• [Work instructions]:
Return, word for word, only the lines of the data below that lie between the line with "将图片加载到图库查看器，Romantic 2pcs/set Heart" and the line with "Greenhouse with Parametric", those two lines included.

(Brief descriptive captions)
******
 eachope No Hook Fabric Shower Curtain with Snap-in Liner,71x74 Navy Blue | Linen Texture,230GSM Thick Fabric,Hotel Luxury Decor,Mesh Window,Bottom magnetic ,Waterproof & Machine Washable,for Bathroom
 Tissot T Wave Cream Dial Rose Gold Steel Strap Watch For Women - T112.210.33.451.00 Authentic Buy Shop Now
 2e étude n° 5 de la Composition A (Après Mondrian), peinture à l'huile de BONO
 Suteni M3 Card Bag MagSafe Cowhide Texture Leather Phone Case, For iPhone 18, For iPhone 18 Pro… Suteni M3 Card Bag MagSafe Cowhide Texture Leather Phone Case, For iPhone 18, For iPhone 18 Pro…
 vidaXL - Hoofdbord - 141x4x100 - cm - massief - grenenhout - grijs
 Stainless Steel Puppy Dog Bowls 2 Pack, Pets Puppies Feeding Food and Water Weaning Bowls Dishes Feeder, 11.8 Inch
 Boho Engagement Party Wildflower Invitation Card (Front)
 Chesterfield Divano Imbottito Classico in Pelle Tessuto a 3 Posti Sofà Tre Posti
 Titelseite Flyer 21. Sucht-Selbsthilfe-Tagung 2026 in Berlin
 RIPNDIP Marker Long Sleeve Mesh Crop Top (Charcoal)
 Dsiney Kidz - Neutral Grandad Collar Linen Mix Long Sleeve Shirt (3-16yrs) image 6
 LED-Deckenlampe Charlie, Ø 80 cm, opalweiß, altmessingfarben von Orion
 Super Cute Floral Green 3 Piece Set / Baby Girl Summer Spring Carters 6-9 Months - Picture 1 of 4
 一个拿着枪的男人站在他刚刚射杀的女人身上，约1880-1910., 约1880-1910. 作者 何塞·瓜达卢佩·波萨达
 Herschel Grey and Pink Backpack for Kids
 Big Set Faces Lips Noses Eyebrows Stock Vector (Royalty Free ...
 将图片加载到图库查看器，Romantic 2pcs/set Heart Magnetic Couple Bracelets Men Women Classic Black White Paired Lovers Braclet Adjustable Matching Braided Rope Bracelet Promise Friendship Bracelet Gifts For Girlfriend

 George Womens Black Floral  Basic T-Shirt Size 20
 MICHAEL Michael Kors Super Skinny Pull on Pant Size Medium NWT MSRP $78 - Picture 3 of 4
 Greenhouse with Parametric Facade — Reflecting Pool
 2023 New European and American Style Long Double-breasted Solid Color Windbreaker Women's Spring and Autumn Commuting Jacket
******
• [Result]:
 将图片加载到图库查看器，Romantic 2pcs/set Heart Magnetic Couple Bracelets Men Women Classic Black White Paired Lovers Braclet Adjustable Matching Braided Rope Bracelet Promise Friendship Bracelet Gifts For Girlfriend

 George Womens Black Floral  Basic T-Shirt Size 20
 MICHAEL Michael Kors Super Skinny Pull on Pant Size Medium NWT MSRP $78 - Picture 3 of 4
 Greenhouse with Parametric Facade — Reflecting Pool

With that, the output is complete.